On the software side, there are many agent and agent-less products that can be put onto the company’s network to discover what is running on each piece of equipment the software can see.  With the data that is provided, analysis can take place between what is owned and what is being used.  You may find that through many projects over the years you now own, say, 15,000 licenses of a certain software, even though you only have 10,000 employees.  Action can be taken to cancel the annual maintenance on unused licenses and write-off the non-depreciated capital expenditure associated with the purchase of the software.  You may also find that you are under-licensed on certain software applications, so be prepared to have some expenditure offset the overall savings that will occur.

Stage 3:  Vendor Management; Are vendor promises being kept?

This portion of lifecycle management is the most subjective.  Measuring if a vendor is truly providing what they say they are is complicated.  Metrics and Key Performance Indicators (KPIs) need to be developed for each obligation each vendor has signed up for.

Example:  If a PC vendor makes the claim that your company will get 20% longer life from their product, as opposed to its competitor’s product, metrics and KPIs need to be developed so that the results can be reported on either monthly or quarterly.

Hopefully your analytics came to the conclusion that your vendor is living up to the agreement it signed, which is usually the case.  If the vendor is not living up to it obligations, there could be many reasons.  These reasons include:  1) scope of work was not completely known at time of signing, meaning that failure to live up to its obligations are partially the fault of the customer, and just as likely 2) the vendor made claims it could not live up to, just to get business .
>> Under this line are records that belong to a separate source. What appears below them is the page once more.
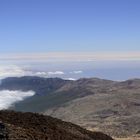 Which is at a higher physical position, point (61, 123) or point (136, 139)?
point (61, 123)

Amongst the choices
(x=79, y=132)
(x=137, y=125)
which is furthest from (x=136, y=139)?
(x=137, y=125)

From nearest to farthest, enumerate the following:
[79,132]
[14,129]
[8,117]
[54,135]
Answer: [14,129]
[54,135]
[8,117]
[79,132]

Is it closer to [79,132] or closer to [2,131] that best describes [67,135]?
[79,132]

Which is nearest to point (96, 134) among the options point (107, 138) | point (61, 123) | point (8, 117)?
point (107, 138)

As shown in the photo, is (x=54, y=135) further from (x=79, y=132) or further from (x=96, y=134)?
(x=96, y=134)

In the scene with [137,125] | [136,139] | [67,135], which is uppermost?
[67,135]

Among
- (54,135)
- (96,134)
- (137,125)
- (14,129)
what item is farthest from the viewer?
(137,125)

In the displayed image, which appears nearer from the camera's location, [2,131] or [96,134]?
[2,131]
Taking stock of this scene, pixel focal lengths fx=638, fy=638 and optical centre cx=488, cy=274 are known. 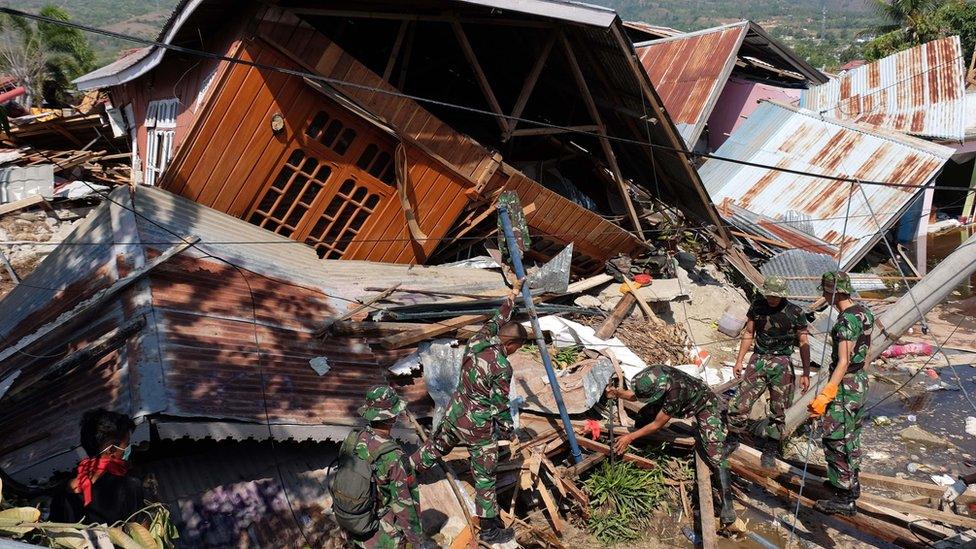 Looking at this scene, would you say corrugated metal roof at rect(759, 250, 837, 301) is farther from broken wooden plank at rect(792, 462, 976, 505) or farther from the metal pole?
the metal pole

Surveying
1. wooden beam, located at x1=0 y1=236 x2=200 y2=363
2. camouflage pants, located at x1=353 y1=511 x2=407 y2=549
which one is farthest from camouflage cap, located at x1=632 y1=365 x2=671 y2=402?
wooden beam, located at x1=0 y1=236 x2=200 y2=363

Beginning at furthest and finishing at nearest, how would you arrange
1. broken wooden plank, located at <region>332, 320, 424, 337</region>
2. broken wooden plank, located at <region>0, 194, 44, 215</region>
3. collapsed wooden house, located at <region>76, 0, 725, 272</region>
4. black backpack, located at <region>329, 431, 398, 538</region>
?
broken wooden plank, located at <region>0, 194, 44, 215</region>, collapsed wooden house, located at <region>76, 0, 725, 272</region>, broken wooden plank, located at <region>332, 320, 424, 337</region>, black backpack, located at <region>329, 431, 398, 538</region>

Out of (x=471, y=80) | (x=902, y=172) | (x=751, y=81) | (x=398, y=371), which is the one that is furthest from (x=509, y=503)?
(x=751, y=81)

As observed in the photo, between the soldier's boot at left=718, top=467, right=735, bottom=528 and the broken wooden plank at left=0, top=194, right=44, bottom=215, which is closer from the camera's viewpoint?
the soldier's boot at left=718, top=467, right=735, bottom=528

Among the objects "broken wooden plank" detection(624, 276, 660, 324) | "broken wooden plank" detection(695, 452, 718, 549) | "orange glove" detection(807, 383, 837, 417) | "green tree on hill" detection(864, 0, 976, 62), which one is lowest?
"broken wooden plank" detection(695, 452, 718, 549)

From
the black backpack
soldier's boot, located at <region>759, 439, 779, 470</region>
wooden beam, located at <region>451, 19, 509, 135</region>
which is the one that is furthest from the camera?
wooden beam, located at <region>451, 19, 509, 135</region>

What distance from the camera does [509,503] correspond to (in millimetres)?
5984

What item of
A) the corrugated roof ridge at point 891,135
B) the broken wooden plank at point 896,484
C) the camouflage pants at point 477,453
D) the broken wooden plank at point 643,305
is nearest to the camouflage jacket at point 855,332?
the broken wooden plank at point 896,484

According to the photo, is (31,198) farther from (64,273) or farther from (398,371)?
(398,371)

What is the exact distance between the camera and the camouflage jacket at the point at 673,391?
570 centimetres

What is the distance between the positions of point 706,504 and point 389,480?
119 inches

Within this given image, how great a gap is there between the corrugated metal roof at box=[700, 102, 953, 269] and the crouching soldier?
10704 millimetres

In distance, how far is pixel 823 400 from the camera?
5.67m

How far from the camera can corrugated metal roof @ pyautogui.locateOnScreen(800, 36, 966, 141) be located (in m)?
16.0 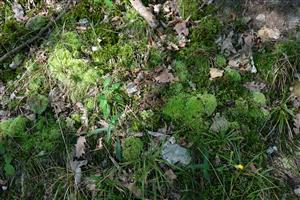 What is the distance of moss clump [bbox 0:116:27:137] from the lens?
4.44 metres

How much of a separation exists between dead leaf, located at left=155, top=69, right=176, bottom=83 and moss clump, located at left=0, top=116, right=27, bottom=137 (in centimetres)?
154

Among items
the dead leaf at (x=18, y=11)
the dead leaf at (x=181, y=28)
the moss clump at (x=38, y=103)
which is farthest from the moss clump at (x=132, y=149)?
the dead leaf at (x=18, y=11)

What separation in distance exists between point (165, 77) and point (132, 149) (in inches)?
36.6

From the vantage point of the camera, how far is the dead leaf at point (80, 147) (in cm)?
430

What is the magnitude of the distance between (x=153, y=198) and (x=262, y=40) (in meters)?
2.24

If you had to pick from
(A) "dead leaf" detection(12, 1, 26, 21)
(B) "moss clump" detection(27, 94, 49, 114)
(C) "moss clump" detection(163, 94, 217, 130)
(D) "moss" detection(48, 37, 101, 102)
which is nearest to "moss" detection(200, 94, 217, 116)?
(C) "moss clump" detection(163, 94, 217, 130)

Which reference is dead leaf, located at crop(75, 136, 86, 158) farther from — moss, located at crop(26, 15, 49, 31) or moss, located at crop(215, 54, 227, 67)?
moss, located at crop(215, 54, 227, 67)

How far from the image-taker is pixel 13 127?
14.6 feet

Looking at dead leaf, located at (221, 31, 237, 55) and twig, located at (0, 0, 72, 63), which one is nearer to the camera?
dead leaf, located at (221, 31, 237, 55)

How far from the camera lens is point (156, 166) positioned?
13.5ft

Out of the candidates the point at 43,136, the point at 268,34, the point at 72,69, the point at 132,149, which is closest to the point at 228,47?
the point at 268,34

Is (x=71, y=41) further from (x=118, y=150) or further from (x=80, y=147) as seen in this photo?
(x=118, y=150)

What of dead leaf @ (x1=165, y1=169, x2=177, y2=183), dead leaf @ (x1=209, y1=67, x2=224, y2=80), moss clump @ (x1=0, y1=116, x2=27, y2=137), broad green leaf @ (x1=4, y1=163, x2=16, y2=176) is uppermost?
moss clump @ (x1=0, y1=116, x2=27, y2=137)

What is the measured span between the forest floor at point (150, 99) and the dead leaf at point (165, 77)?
0.04ft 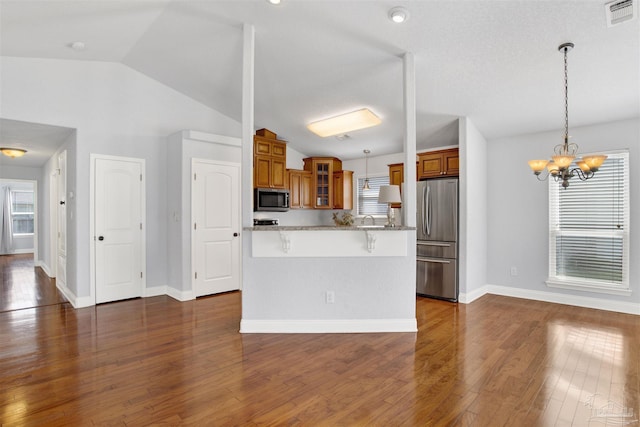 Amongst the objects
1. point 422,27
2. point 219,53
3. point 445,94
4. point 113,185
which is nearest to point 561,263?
point 445,94

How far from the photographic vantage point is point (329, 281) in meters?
3.52

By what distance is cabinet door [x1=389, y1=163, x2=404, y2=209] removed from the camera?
233 inches

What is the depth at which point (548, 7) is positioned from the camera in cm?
265

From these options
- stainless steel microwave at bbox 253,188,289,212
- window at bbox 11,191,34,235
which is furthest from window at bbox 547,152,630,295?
window at bbox 11,191,34,235

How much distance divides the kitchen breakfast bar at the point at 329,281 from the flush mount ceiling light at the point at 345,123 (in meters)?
2.20

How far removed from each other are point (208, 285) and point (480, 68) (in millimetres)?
4462

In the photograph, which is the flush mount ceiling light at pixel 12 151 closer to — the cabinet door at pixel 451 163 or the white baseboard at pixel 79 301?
the white baseboard at pixel 79 301

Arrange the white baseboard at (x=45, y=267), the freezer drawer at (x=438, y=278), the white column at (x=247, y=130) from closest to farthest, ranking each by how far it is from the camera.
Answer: the white column at (x=247, y=130) → the freezer drawer at (x=438, y=278) → the white baseboard at (x=45, y=267)

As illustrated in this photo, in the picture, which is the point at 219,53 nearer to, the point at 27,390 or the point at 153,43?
the point at 153,43

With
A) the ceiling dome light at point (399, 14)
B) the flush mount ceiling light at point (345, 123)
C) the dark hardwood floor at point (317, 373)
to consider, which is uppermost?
the ceiling dome light at point (399, 14)

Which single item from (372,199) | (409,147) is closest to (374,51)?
(409,147)

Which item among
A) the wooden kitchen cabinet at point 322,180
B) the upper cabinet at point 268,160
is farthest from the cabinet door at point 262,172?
the wooden kitchen cabinet at point 322,180

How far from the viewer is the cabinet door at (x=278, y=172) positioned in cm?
604

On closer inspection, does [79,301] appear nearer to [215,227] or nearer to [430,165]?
[215,227] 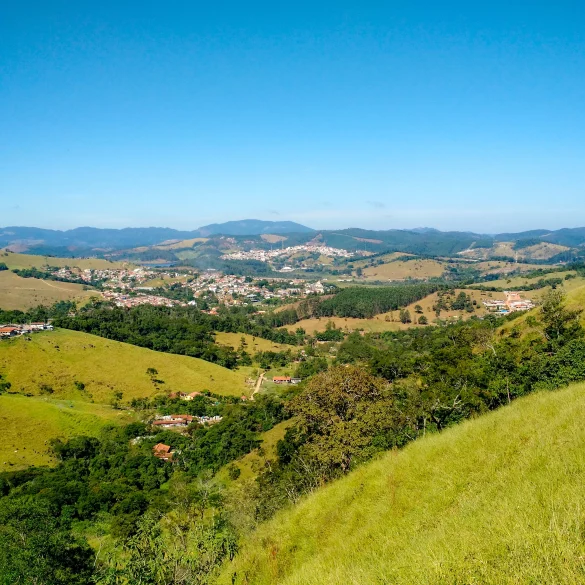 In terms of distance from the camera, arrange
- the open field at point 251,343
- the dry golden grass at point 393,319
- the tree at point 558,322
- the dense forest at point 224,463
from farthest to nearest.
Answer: the dry golden grass at point 393,319, the open field at point 251,343, the tree at point 558,322, the dense forest at point 224,463

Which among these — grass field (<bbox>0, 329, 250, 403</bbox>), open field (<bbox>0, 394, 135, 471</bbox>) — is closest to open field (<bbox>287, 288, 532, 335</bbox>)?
grass field (<bbox>0, 329, 250, 403</bbox>)

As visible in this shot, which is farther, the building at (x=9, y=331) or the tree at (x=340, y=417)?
the building at (x=9, y=331)

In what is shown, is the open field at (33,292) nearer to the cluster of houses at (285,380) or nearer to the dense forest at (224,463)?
the cluster of houses at (285,380)

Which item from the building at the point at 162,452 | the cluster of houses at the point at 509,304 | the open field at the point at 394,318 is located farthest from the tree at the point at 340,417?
the cluster of houses at the point at 509,304

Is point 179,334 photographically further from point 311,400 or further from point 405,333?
point 311,400

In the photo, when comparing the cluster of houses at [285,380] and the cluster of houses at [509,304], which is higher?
the cluster of houses at [509,304]

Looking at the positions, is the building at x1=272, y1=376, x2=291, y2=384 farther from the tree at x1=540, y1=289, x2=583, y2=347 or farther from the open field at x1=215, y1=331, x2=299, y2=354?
the tree at x1=540, y1=289, x2=583, y2=347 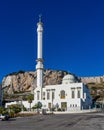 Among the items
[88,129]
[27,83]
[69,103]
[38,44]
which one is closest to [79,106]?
[69,103]

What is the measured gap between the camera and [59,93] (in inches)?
4719

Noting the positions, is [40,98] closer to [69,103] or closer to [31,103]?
[31,103]

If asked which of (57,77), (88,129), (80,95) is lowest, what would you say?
(88,129)

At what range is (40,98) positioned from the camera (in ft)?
398

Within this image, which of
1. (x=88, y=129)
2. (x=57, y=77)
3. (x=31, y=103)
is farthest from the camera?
(x=57, y=77)

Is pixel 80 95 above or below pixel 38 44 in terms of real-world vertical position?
below

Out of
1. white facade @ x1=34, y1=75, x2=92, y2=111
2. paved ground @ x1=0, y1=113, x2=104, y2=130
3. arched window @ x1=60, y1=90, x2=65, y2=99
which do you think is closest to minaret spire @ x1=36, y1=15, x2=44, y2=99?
white facade @ x1=34, y1=75, x2=92, y2=111

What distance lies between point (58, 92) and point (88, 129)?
87873mm

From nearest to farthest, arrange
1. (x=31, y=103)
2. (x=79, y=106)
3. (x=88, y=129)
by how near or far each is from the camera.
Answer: (x=88, y=129) → (x=79, y=106) → (x=31, y=103)

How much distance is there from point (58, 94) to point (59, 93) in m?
0.53

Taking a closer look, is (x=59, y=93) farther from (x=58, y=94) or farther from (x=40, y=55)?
(x=40, y=55)

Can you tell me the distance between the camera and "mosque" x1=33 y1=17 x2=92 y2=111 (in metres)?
116

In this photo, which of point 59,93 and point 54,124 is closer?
point 54,124

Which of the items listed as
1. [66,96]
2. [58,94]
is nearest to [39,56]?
[58,94] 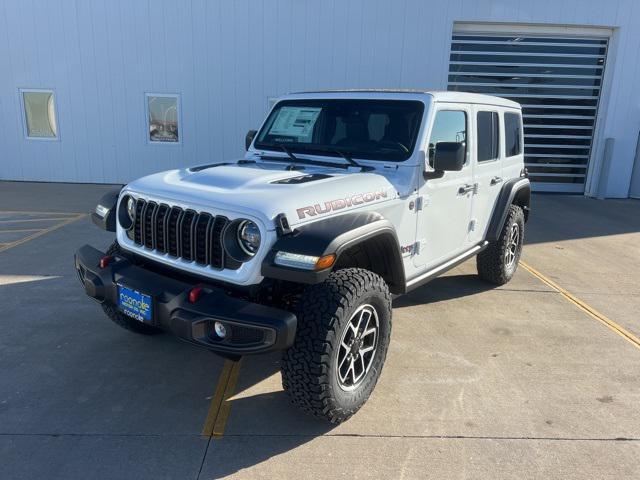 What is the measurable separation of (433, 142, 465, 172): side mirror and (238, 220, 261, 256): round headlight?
1484mm

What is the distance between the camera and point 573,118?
40.9ft

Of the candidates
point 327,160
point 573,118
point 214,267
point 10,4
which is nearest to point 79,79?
point 10,4

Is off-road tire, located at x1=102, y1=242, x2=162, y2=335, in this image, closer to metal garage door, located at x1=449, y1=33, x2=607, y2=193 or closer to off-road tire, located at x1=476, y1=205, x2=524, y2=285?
Result: off-road tire, located at x1=476, y1=205, x2=524, y2=285

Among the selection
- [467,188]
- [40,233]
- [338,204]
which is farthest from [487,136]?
[40,233]

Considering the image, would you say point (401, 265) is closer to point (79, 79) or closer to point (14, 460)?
point (14, 460)

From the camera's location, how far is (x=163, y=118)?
38.9ft

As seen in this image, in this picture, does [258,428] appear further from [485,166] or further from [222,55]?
[222,55]

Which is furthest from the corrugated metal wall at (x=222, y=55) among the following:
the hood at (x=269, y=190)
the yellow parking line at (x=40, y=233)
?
the hood at (x=269, y=190)

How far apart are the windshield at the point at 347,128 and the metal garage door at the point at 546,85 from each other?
9.02m

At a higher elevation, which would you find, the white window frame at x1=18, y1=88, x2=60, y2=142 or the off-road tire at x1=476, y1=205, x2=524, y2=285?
the white window frame at x1=18, y1=88, x2=60, y2=142

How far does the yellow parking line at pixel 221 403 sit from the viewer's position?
9.37 feet

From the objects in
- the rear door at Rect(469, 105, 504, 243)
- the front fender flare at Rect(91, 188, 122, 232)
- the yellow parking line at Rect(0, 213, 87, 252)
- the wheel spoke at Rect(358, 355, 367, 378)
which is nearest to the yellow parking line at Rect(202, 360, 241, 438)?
the wheel spoke at Rect(358, 355, 367, 378)

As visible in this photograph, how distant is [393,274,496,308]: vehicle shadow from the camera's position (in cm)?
496

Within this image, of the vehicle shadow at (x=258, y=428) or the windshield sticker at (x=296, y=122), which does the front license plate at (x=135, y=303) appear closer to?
the vehicle shadow at (x=258, y=428)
There are many ways to report vendor management information.  I have found that the most effective way is a simple dashboard, a quartered one-page report that shows all pertinent financial, contractual, usage and service information.  Once approved by corporate powers, a scheduled meeting takes place and the findings are presented to the vendor.  If vendor is living up to contractual agreements, future strategy or other topics may be discussed.  If the vendor is not providing its obligations, a discussion of why will definitely occur, followed by ways in which improvement can be made.  This is not necessarily a bad conversation, new understanding of the relationship will definitely take place and the corporate relationship will become stronger though the process, as long as positive results ensue.


The steps listed above need to be tied together, resulting in an interface which brings all the information to a usable form. This is crucial.  Once this happens, the magic starts: managers are able to make informed decisions, leased equipment is returned on time (instead of having its monthly payment made for years on end) and overall, IT costs are minimized.  The company only pays for what it is using and at the end of the day, controlling costs while providing needed services, is the name of the game.